Investing strategically involves more than just finding the right asset allocation, however. “There are 3 components to managing your assets efficiently,” says Gillespie. “Deferring taxes, managing taxes, and reducing taxes.”
“Using retirement accounts, such as 401(k)s, IRAs, and HSAs, you can potentially defer taxes and help your wealth grow faster by keeping more of it invested,” says Gillespie. “Outside of those accounts, you can manage your exposure to taxes by making strategic decisions about when to buy and sell your investments or by choosing investments that are more tax-efficient. Finally, you can reduce taxes by implementing charitable giving strategies that can benefit the causes you care about and give you the opportunity to deduct those donations from your taxable income.”
It all starts with a plan
Having a financial plan in place can play a big role in helping you apply these lessons to your own finances. 78% of those who have a financial plan say they are confident that they’ve taken the right steps to build and protect their wealth; only about 26% of those who do not have a plan can say the same.

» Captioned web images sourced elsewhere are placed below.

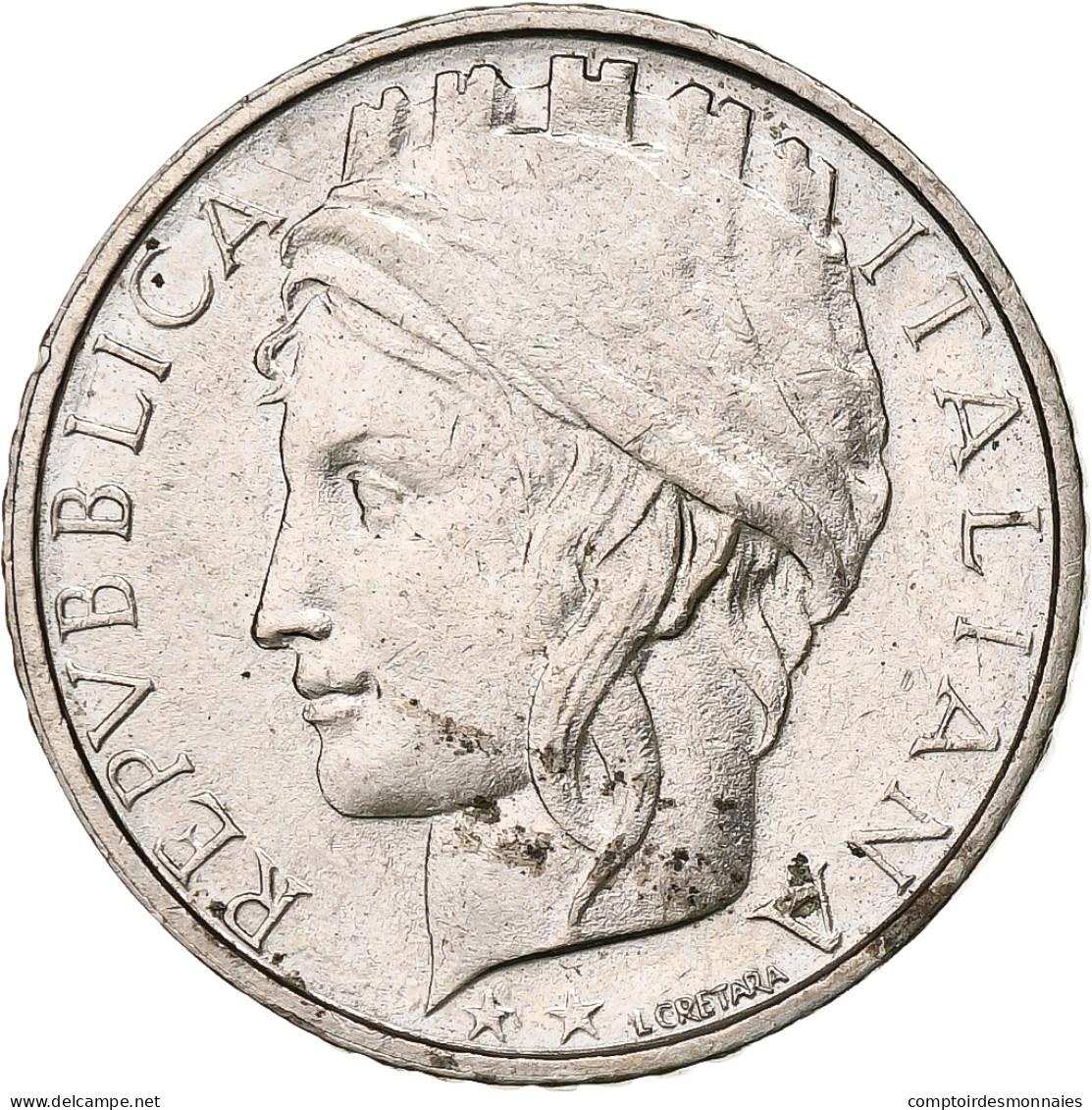 Italie, 100 Lire, 1998, Rome, SUP, Cupro-nickel, KM:159 - 100 Liras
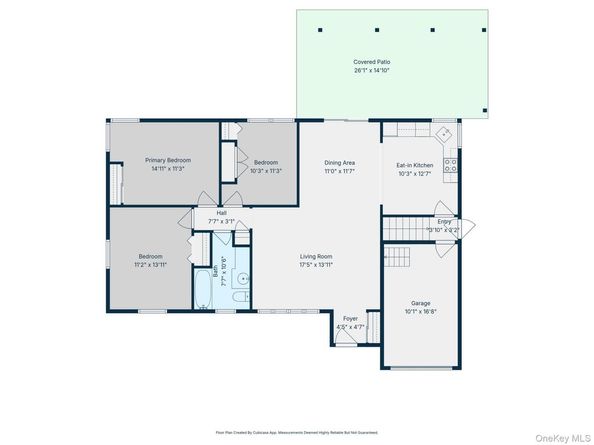 818 Palmetto Drive, Franklin Square NY 11010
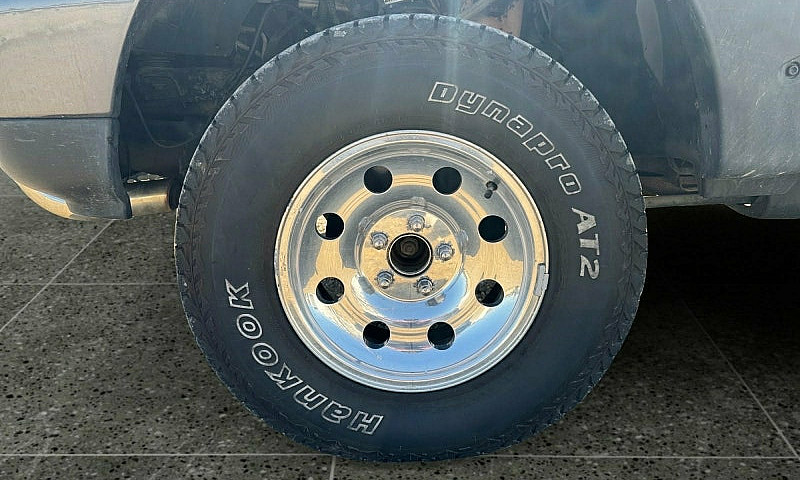 2007 Ford Ranger Fx4...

A financial professional may be able to help you build and maintain a plan that works for you. They can work with you to develop and test an investment plan that’s personalized for you and your family. With their knowledge of your financial circumstances and your attitudes toward wealth, they may be able to identify new opportunities to help grow your assets, opportunities that may have not been immediately obvious if you were managing everything yourself. “With a better understanding of you and your family, a professional can work with you to develop a set of financial planning strategies that are well aligned to help meet your needs,” says Gillespie.
However you manage your finances, the important thing is that you’re making an effort to implement these 3 strategies in your own life. “When it comes down to it, this is about protecting your family and preserving their assets,” says Compson. “The conversations you have with your family are an important step toward helping the next generation feel confident and prepared to take on future challenges.”